*** Supplied material Section Begins ***
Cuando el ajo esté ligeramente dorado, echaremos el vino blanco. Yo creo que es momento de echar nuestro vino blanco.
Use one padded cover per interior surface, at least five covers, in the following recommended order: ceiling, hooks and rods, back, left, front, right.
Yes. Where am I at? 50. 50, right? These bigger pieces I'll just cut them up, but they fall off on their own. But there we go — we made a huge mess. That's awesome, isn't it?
*** Supplied material Section Ends ***
*** Supplied material Section Begins ***
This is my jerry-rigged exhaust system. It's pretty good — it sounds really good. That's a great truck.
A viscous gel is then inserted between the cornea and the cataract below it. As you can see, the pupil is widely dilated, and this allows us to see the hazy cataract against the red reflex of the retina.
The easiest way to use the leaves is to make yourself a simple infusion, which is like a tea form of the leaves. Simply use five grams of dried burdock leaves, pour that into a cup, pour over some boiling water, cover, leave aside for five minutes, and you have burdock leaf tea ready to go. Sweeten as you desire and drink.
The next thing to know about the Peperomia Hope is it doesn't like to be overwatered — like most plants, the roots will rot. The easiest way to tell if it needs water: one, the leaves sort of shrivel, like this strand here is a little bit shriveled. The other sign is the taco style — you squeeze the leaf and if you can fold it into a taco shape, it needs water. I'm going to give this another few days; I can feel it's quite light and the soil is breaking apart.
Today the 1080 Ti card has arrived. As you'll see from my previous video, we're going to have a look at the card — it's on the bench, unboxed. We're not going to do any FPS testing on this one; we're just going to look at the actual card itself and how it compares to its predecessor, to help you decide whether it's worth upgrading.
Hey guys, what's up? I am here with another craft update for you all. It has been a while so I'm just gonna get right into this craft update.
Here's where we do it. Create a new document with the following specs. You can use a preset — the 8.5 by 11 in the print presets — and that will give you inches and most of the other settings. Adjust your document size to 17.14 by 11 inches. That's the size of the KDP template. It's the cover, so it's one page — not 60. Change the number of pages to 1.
*** Supplied material Section Ends ***
*** Supplied material Section Begins ***
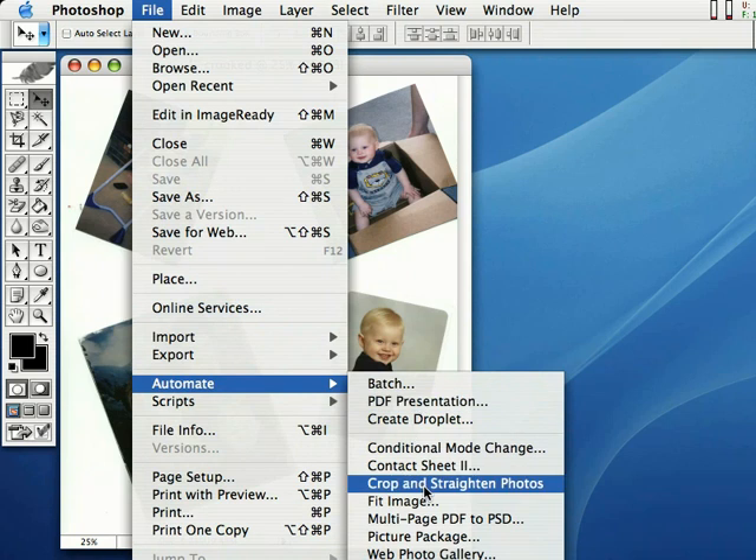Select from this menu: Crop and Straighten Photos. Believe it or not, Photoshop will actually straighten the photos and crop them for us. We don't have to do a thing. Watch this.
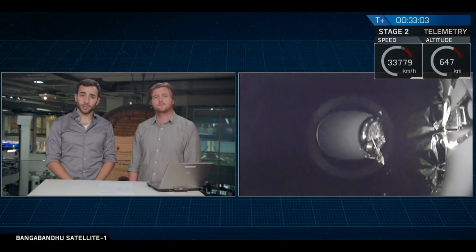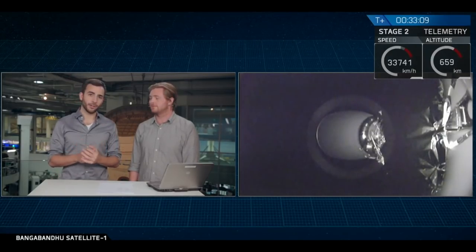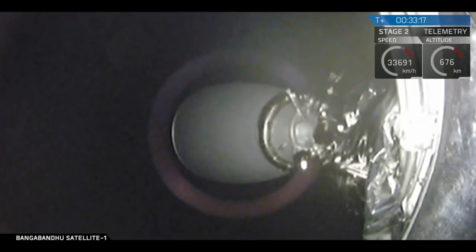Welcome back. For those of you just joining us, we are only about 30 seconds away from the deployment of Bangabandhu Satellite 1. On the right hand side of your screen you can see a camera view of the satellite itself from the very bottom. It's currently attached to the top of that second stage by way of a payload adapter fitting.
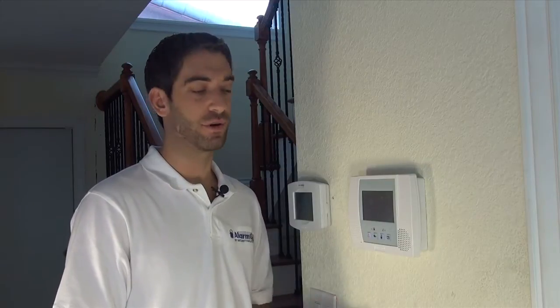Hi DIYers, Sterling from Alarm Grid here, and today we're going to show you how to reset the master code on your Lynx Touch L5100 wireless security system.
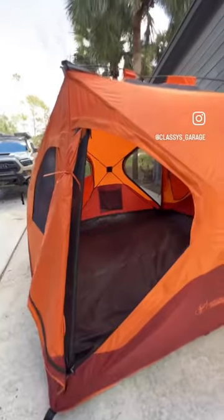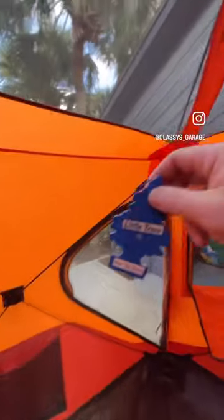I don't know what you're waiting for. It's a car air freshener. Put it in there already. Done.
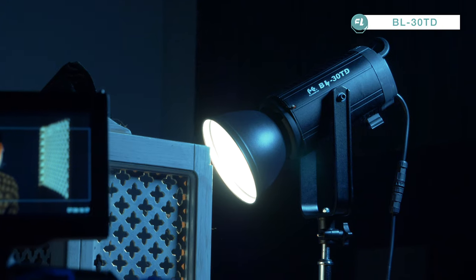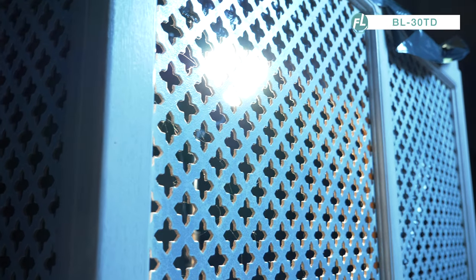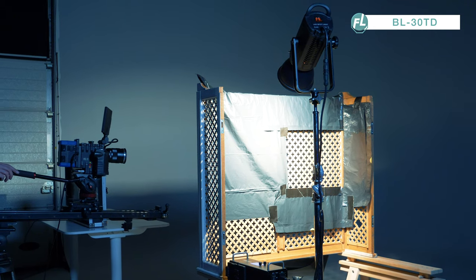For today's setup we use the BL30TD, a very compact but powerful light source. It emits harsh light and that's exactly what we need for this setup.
*** Supplied material Section Ends ***
**Your instructions:** Leaving every picture aside, reproduce exactly the lines above from the one with "I don't know" up to and including the one with "For today's setup", and no others.

**Your response:**
I don't know what you're waiting for. It's a car air freshener. Put it in there already. Done.
For today's setup we use the BL30TD, a very compact but powerful light source. It emits harsh light and that's exactly what we need for this setup.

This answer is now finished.